The out-dated nature of the law covering maritime drones and cables is matched in the law as it applies to hostilities in outer space.  One might have thought that the critical role that space-based technologies play in relation to very many important activities on Earth would mean that the law would be modern and comprehensive.  It is interesting that, as with submarine cables, one would be wrong, and the work of a group of experts to produce the Woomera Manual is to be applauded.  It is to be hoped that what the group produces does not get mired in the kind of international controversy surrounding cyber warfare law.

If the technologies discussed so far are either already known or at least are this side of the horizon, artificial brain technologies lie somewhere beyond that same horizon.  However, there is considerable investment in on-going research in this field and what is a twinkle in a scientist’s eye today may well be a nascent capability tomorrow, or perhaps a large number of days thereafter.  Peacetime and wartime applications of such technologies raise a huge number of the most profound ethical and legal issues, and work is needed now to start to formulate answers to those ground-breaking questions.
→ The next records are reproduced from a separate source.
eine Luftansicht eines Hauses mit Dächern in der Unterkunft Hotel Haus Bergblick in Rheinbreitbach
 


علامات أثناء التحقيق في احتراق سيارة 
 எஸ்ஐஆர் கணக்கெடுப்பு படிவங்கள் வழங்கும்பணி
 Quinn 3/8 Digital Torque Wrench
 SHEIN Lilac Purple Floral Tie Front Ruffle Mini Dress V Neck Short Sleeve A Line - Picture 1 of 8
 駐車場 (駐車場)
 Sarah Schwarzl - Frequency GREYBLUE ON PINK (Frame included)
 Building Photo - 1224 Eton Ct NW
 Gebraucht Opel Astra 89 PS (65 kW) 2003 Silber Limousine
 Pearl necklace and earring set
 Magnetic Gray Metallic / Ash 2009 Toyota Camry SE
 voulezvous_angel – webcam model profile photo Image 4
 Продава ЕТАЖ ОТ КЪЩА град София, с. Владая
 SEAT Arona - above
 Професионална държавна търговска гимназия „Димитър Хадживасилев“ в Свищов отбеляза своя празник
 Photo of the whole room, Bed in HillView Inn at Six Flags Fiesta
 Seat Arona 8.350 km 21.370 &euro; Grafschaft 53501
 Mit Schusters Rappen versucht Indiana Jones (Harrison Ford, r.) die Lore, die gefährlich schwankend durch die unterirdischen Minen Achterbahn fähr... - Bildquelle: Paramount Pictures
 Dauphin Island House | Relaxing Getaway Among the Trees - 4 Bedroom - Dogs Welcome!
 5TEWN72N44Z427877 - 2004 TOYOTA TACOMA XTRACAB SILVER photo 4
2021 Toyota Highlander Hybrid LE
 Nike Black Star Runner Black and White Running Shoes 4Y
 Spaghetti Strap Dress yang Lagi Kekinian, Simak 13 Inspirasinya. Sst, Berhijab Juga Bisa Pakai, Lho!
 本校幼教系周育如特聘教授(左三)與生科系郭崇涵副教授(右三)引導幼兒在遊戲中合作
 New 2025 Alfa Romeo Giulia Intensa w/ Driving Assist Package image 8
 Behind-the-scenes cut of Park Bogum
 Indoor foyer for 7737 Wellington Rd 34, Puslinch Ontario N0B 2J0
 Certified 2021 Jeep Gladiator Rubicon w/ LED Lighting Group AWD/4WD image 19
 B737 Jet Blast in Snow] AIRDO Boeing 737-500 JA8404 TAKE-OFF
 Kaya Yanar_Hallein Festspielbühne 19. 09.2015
Biometrics is another technology that has been with us for some time but which is likely to be a core requirement in the implementation of other emerging technologies and procedures.  Control of entry, identification of suspects/targets and determination of an individual’s intent are all applications that span the warfare/peacetime divide.  Effective biometrics testing emerges as a required feature if autonomous weapon technologies are going to be applied to the targeting of individuals or if they are to be an acceptable basis for determining e.g. if a person can be permitted to board a flight.  Human rights law emerges as an important yardstick against which to judge the acceptability of what is being proposed.

A book of this nature was always going to be challenging, perhaps just as much for the reader as for the authors.  So often we tend to consider new technologies and the legal challenges they pose in isolation.  Research projects are set up to consider how artificial intelligence challenges the law, or what the legal implications of nanotechnology might be, or the way in which activities in outer space ought to be addressed by international law.  International Manuals are written by Groups of International Experts on the International Law Applicable to warfare in specified environments, and the particular workstreams are in danger of ignoring the impact that the various technologies have on each other.  Clearly, only by considering how the diverse emerging technologies impact on one another can we make sense of the composite whole.

If the span of technologies ought to be thought of as a composite whole, how should we view the law itself?  There seems to be a general acceptance that international law should not be seen as a series of isolated regimes but as a collective body of regulation.  Valid criticism can be offered where claims as to convergence in the law are concerned.  It would be more accurate to recognise that there are, inevitably, differences in the way in which particular fields of law address their subject matter.  The law regulating civil aviation, the law of armed conflict, the law addressing activities in outer space, human rights law, data protection law and environmental law to name but six examples do not all approach their subject matters in an identical or similar way, so to characterise them as converging seems to be somewhat over-stating matters.  While not wishing to have too many fairies dancing on the pinhead, perhaps composition, in the sense of a mixture of ingredients, describes the association more accurately.

In conclusion, it is not for the authors of this book to tell its readers what to think or what to conclude.  Rather it is for the readers to consider what is laid before them and then to formulate their own views.  Grateful thanks go to the organisers of Opinio Juris for hosting this discussion.  I and the other authors look forward to reading the contributions and to learning from them, and from you.  In a sense, there are no right answers, only questions and more questions.  We haven’t always got it right in our legal dealings with new technologies in the past.  But if we now consider carefully and apply lateral thought, we may just do better in the future.